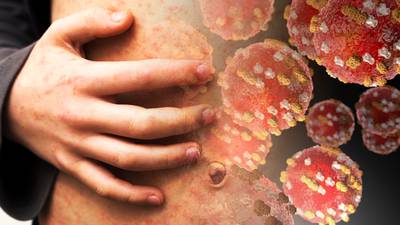 Nine further possible cases of measles reported in Ireland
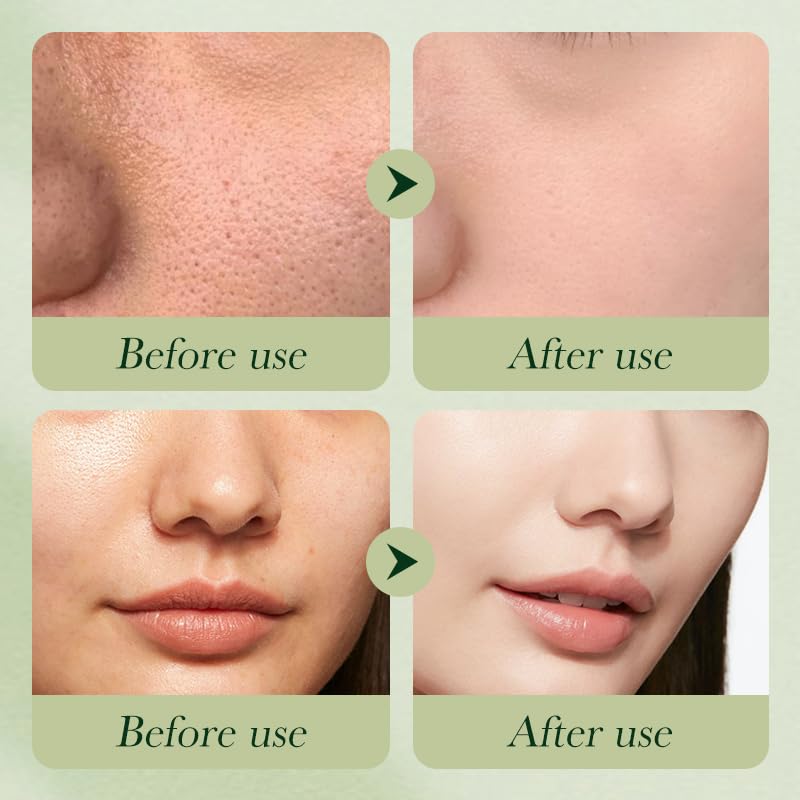 Avocado Skincare Sets, 6Pcs Skincare Gift Set with Facial Cleanser, Face Serum, Face Cream, Eye Cream, Toner, moisturizing Lotion, Skin Care Sets & Kits, Hydrating Facial Kit for women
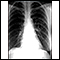 Coccidioidomicosis - radiografía de tórax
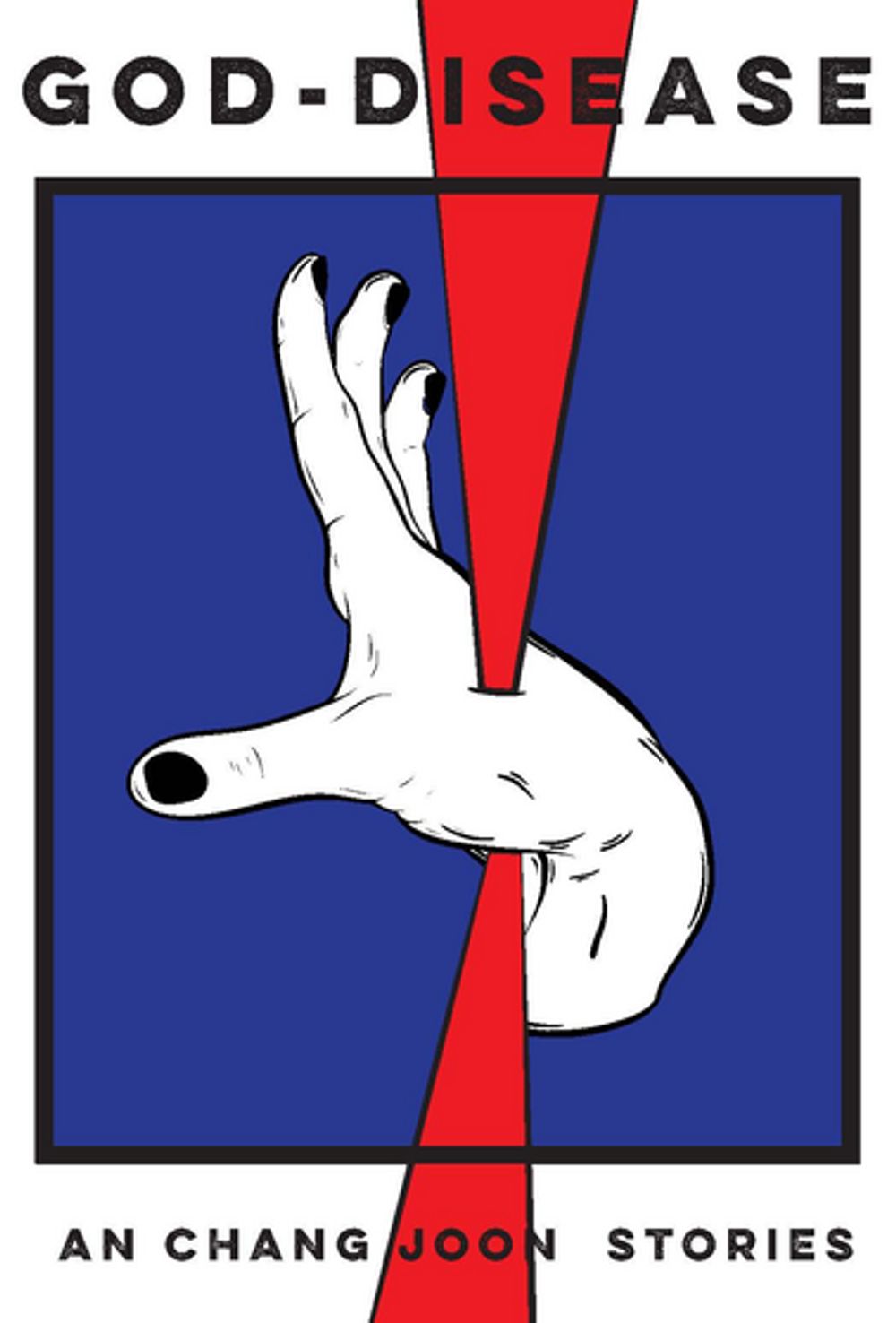ibs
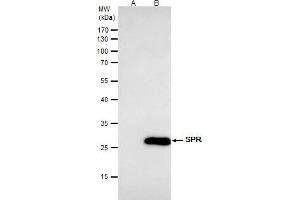 IP Image SPR antibody [N2C3] immunoprecipitates SPR protein in IP experiments. (SPR 抗体)
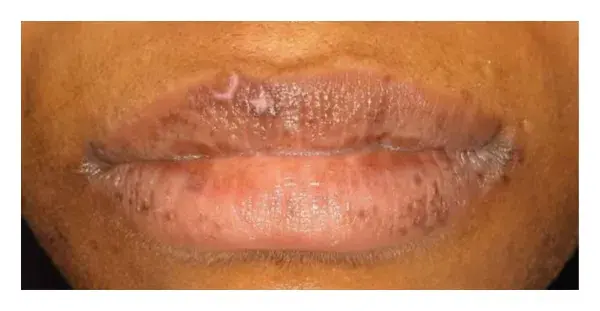 lips hyperpigmentation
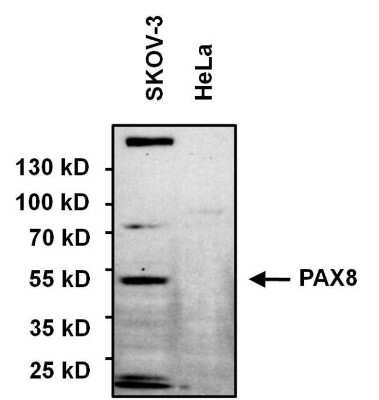 Western Blot: PAX8 Antibody [NBP2-29907]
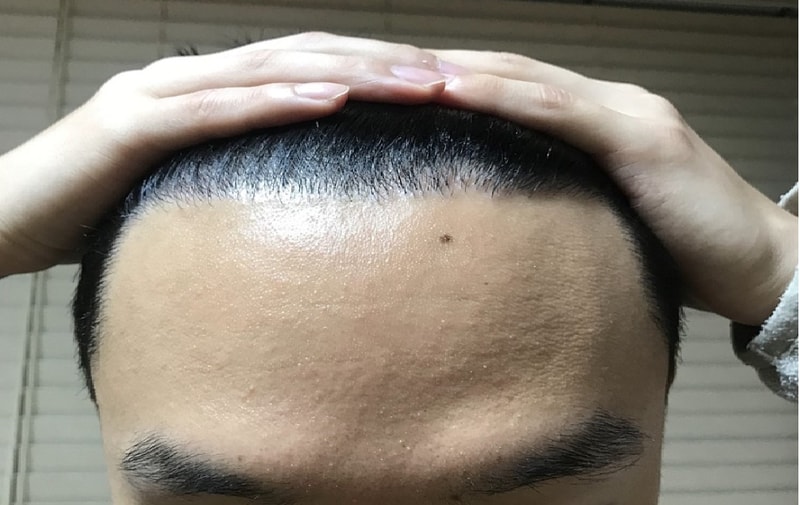 모재성 비절개 1600모낭 1년차 후기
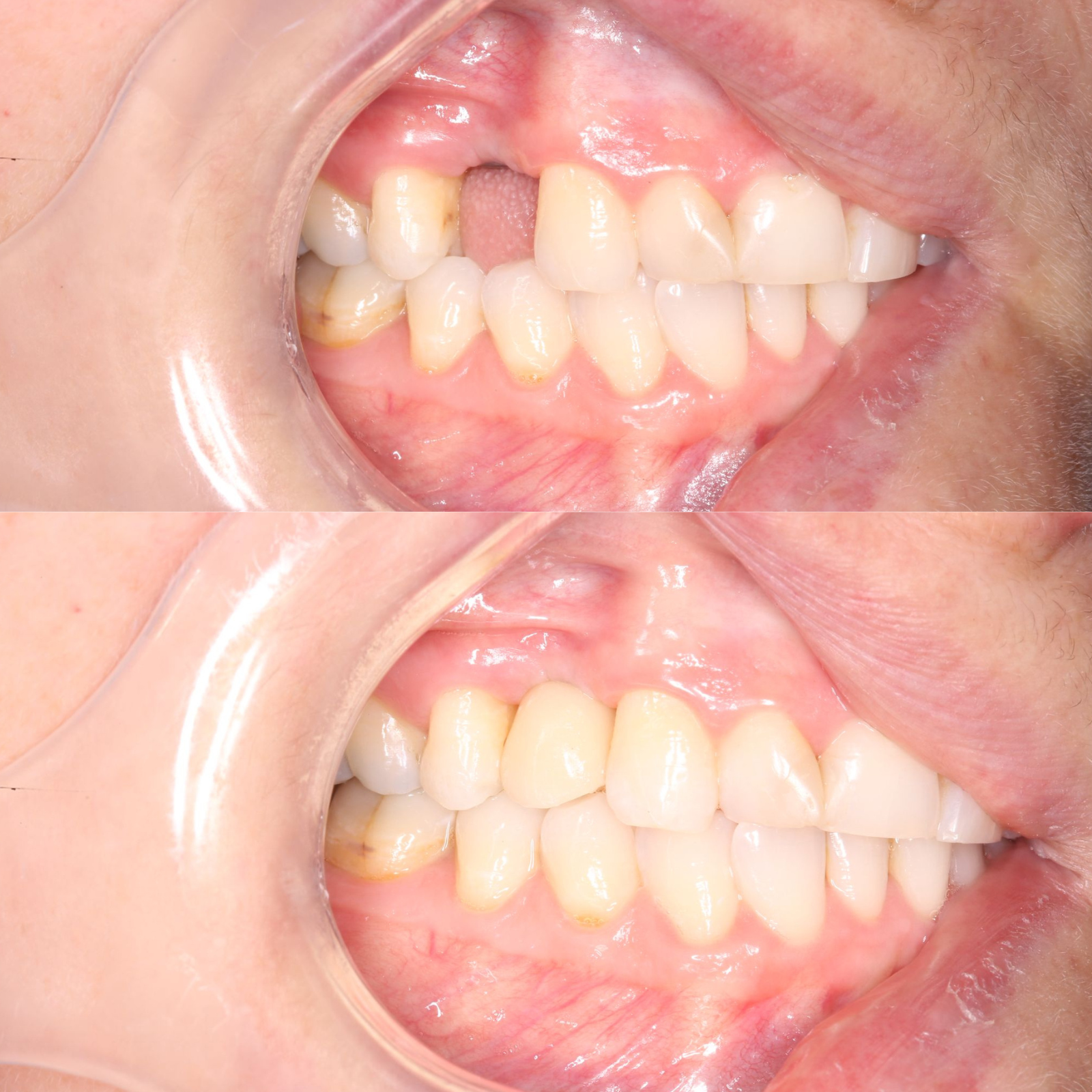 before and after implants - landing page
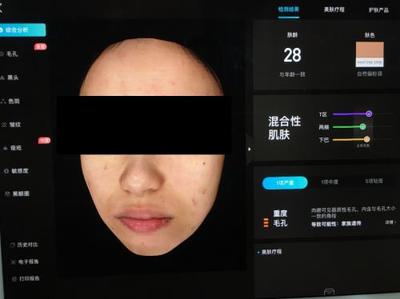 皮膚檢測(cè)儀哪家強(qiáng)?Visia、美圖宜膚、A-one實(shí)測(cè)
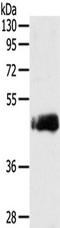 Endosome Associated Trafficking Regulator 1 antibody, TA323350, Origene, Western Blot image 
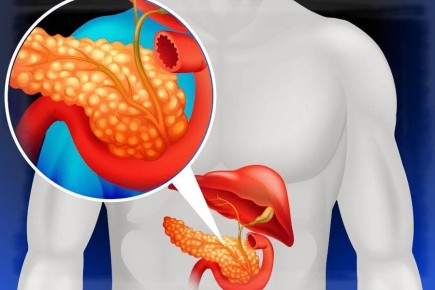 ��� �������� �������� ������������� ������: ������� � ����������� ������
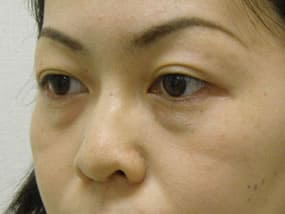 目の下のクマ・タルミ症例手術前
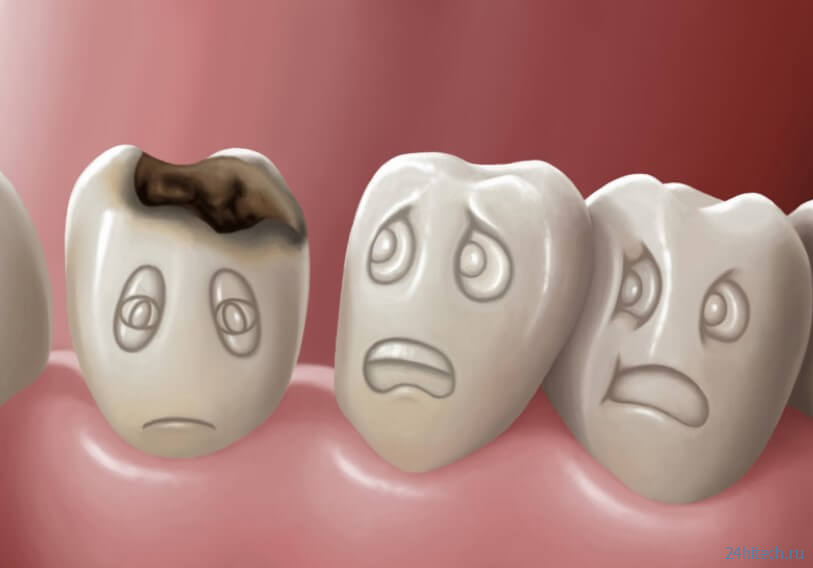 Из-за чего возникает кариес и как защитить зубы? 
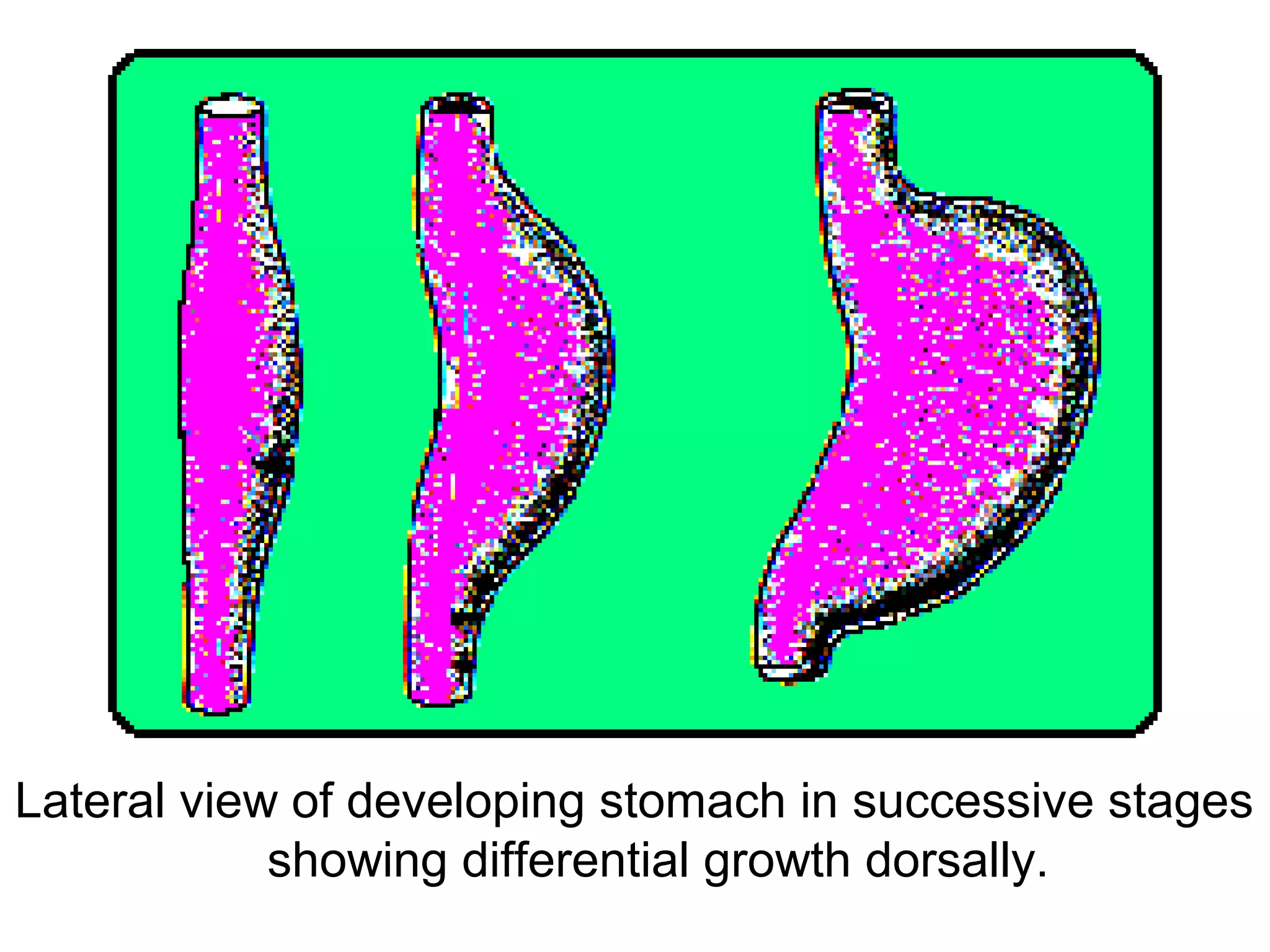 Lateral view of developing stomach in successive stages
showing differential growth dorsally.
 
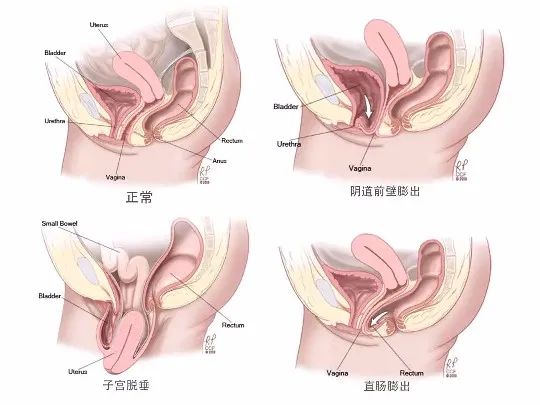 盆底肌真的可以治疗便秘,盆底肌跟便秘有关吗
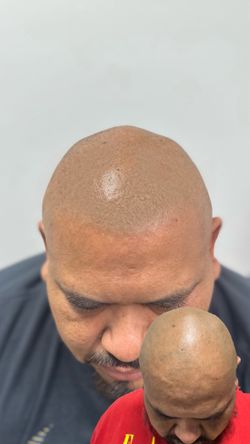 Hairloss Solution 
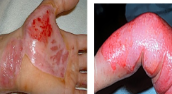 <p>2nd degree burn (deep partial thickness) findings*</p>
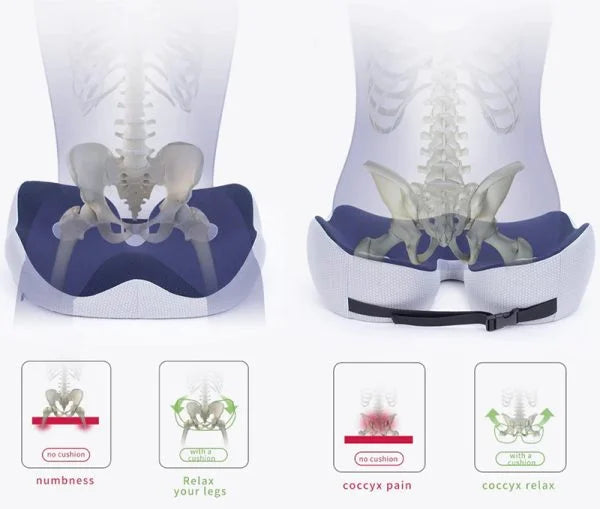 coccyx cushion/age uk pressure cushions/donut cushions/donut seat cushion/doughnut cushion/driving cushion/orthopedic cushion for sciatica/piles cushion/wheelchair comfort seat/coccy cushion/coccyx cushion for office chair/sciatica seat cushion for car/Pressure Relief Ergonomic & Orthopedic Seat Cushion, for Lower Back, Tailbone, Hip, Hamstrings, Sciatica Pain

--

▸ **HOW TO COMPLETE THIS TASK**:
Exactly as written, print each entry, leaving all pictures out.

▸ **TASK ANSWER**:
 Nine further possible cases of measles reported in Ireland
 Avocado Skincare Sets, 6Pcs Skincare Gift Set with Facial Cleanser, Face Serum, Face Cream, Eye Cream, Toner, moisturizing Lotion, Skin Care Sets & Kits, Hydrating Facial Kit for women
 Coccidioidomicosis - radiografía de tórax
ibs
 IP Image SPR antibody [N2C3] immunoprecipitates SPR protein in IP experiments. (SPR 抗体)
 lips hyperpigmentation
 Western Blot: PAX8 Antibody [NBP2-29907]
 모재성 비절개 1600모낭 1년차 후기
 before and after implants - landing page
 皮膚檢測(cè)儀哪家強(qiáng)?Visia、美圖宜膚、A-one實(shí)測(cè)
 Endosome Associated Trafficking Regulator 1 antibody, TA323350, Origene, Western Blot image 
 ��� �������� �������� ������������� ������: ������� � ����������� ������
 目の下のクマ・タルミ症例手術前
 Из-за чего возникает кариес и как защитить зубы? 
 Lateral view of developing stomach in successive stages
showing differential growth dorsally.
 
 盆底肌真的可以治疗便秘,盆底肌跟便秘有关吗
 Hairloss Solution 
 <p>2nd degree burn (deep partial thickness) findings*</p>
 coccyx cushion/age uk pressure cushions/donut cushions/donut seat cushion/doughnut cushion/driving cushion/orthopedic cushion for sciatica/piles cushion/wheelchair comfort seat/coccy cushion/coccyx cushion for office chair/sciatica seat cushion for car/Pressure Relief Ergonomic & Orthopedic Seat Cushion, for Lower Back, Tailbone, Hip, Hamstrings, Sciatica Pain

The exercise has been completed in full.